> _YOUR ASSIGNMENT_
Go through the records line by line and work out how many lines hold the word "large". Answer with the number only.

> _EXERCISE MATERIALS_
========================================

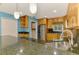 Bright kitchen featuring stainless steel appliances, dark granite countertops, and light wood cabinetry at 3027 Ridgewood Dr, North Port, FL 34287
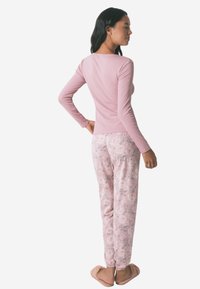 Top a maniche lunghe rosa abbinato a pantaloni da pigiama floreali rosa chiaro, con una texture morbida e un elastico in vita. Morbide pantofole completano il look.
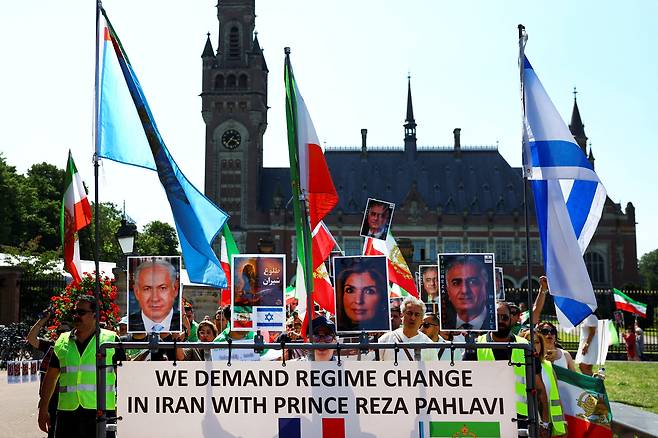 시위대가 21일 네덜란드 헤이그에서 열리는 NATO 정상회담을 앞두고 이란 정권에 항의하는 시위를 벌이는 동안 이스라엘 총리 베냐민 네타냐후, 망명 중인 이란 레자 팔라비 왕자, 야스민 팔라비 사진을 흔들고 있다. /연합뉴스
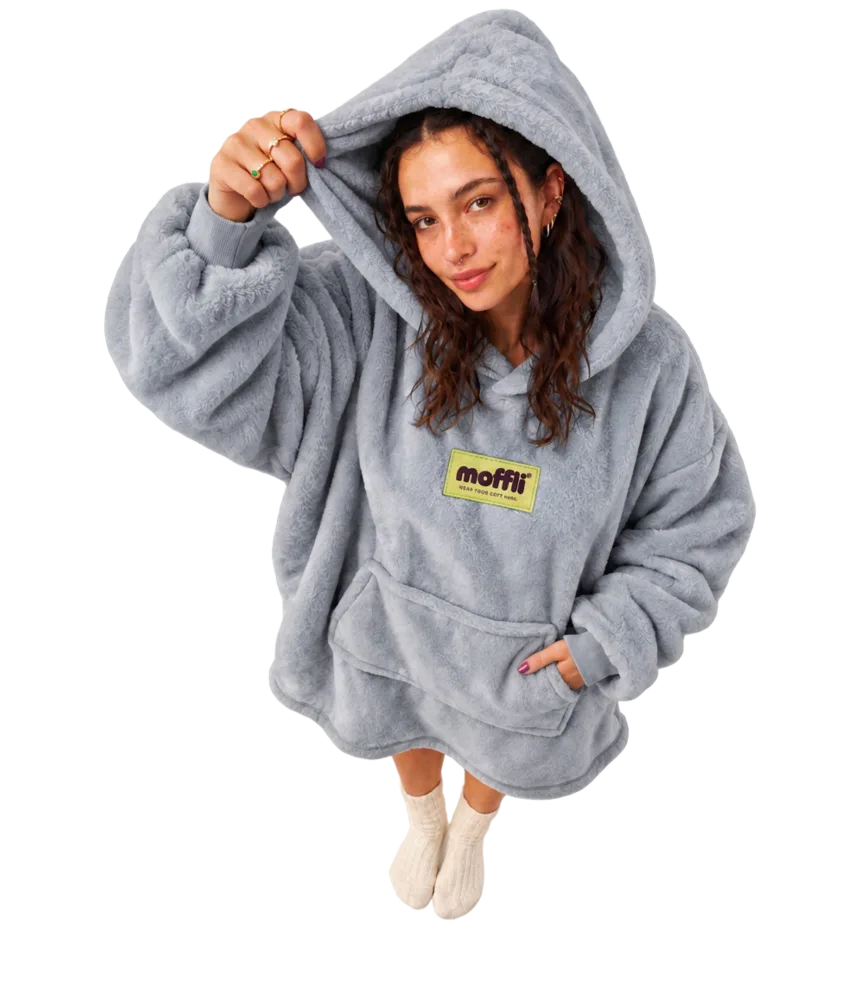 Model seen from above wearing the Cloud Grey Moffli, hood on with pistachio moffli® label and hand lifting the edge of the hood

========================================

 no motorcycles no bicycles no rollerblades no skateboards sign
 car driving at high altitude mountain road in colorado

========================================

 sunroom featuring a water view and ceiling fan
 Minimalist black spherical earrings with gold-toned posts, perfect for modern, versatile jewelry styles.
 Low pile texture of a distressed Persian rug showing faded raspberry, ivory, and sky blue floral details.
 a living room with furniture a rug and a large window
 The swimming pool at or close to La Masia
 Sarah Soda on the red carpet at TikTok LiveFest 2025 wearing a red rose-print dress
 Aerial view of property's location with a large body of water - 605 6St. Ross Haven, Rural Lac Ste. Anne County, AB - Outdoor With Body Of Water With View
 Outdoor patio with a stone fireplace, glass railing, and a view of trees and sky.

========================================

> _OUTPUT OF THE EXERCISE_
2